As shown in FIG. 3, two generally kidney-shaped ports 82 and 83 are formed through the valve block 80 in angularly spaced relation with one another. When the pump swash plate 21 is positioned as shown in FIG. 1 and is rotated clockwise, the port 82 communicates with a line 84 leading to the charge pump and serving to deliver low pressure charge oil to the valve block. An additional line 85 communicates with the port 83 and exhausts excess low pressure oil to the reservoir of the charge pump. If the swash plate 21 is tilted counterclockwise beyond the ninety degree position, a valve (not shown) is shifted and causes the ports 82 and 83 to communicate with the lines 85 and 84, respectively.

The inboard faces of the cylinder blocks 45 and 75 are tightly seated and sealed against opposing faces of the valve block 80 but with rotatable clearance permitting the cylinder blocks to rotate relative to the valve block. As the cylinder blocks rotate, the changing angular relationship between the cylinders 44 and 45 and the ports 82 and 83 causes oil to flow into and out of the cylinders in proper timed relationship with rotation of the cylinder blocks. The valve block enables oil delivered to the pump cylinders 44 to be pressurized during the power stroke of the pump pistons 40, enables such oil to be delivered under high pressure to the motor cylinders 74 and enables the oil to be exhausted from the latter cylinders during the return stroke of the motor pistons 70. Pressure relief grooves 86 (FIG. 2) are formed in the inboard face of each cylinder block to enable the escape of excess pressure that might build up between that face and the opposing face of the valve block 80. In the present instance, the face of each cylinder block is formed with ten pressure relief grooves arranged in the form of two equilateral pentagons.

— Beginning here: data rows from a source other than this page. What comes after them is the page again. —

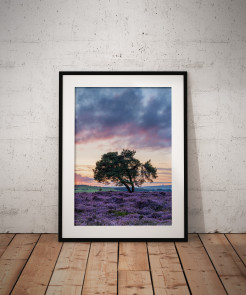 To buy a print or any of the below please click on the images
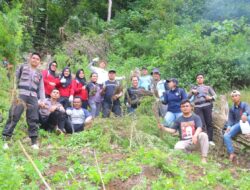 Lagi, BNNK dan Polres Madina Temukan Ladang Ganja di Tor Sihite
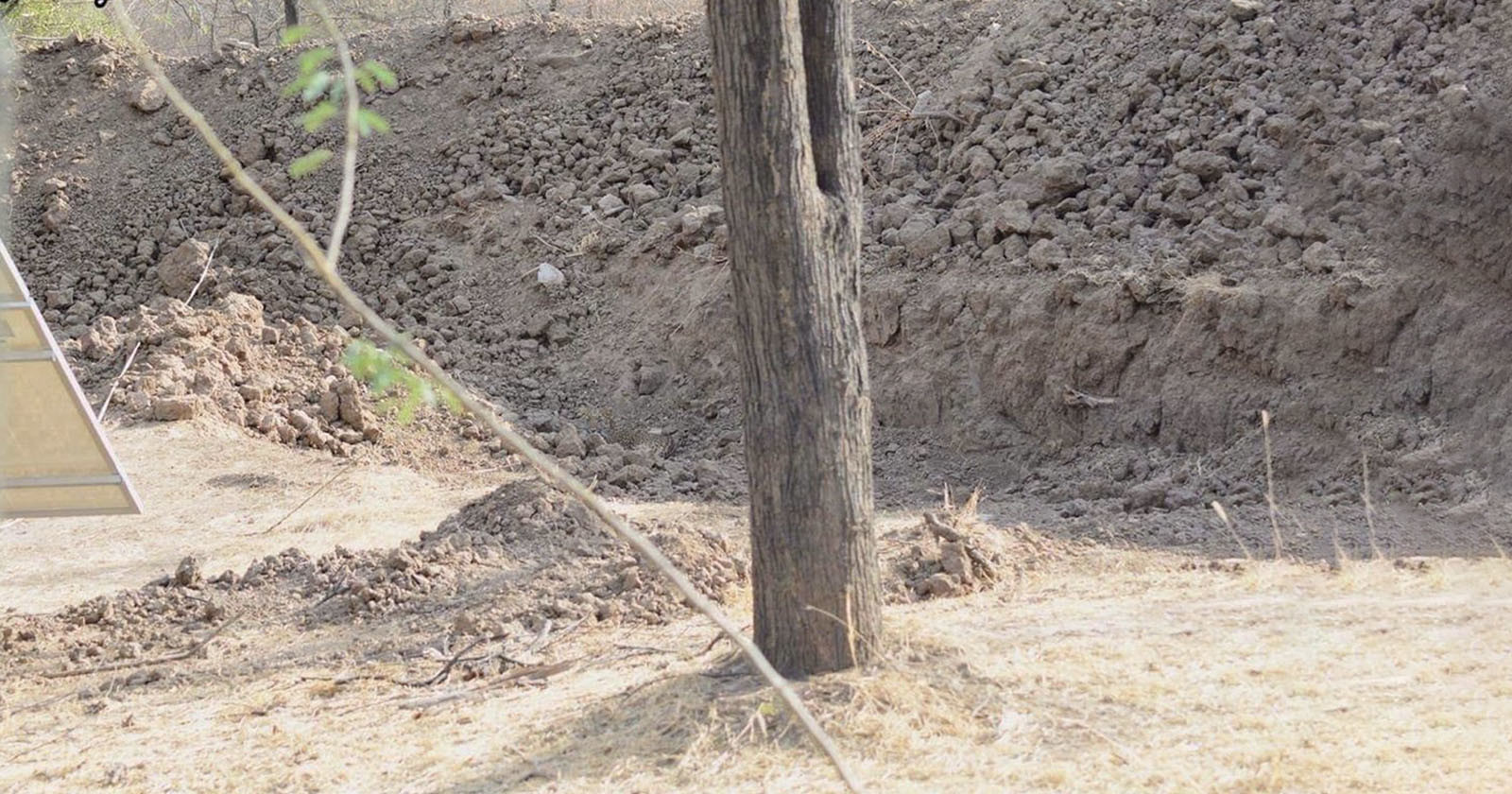 leopard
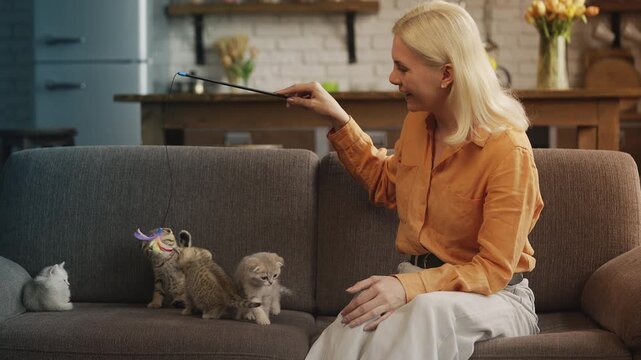 Happy woman playing with cute purebred kittens on sofa using feather pet toy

As the cylinder blocks 45 and 75 rotate, different areas at the interface of the valve block 80 with each cylinder block are subjected to fluctuating high and low pressures. Such pressure fluctuations tend to cause the cylinder blocks to pulsate toward and away from the valve block. The pulsations, and particularly those imparted to the pump cylinder block 45, tend to cause the transmission 10 to be noisy and impair its efficiency.

In accordance with the present invention, the two cylinder blocks 45 and 75 are uniquely tied together in such a manner that any movement tending to unseat one cylinder block from the valve block 80 tends to seat the other cylinder block against the valve block. In this way, the pulsations resulting from fluctuating high and low pressures are dampened to enable the transmission 10 to run quieter, more smoothly and with better efficiency.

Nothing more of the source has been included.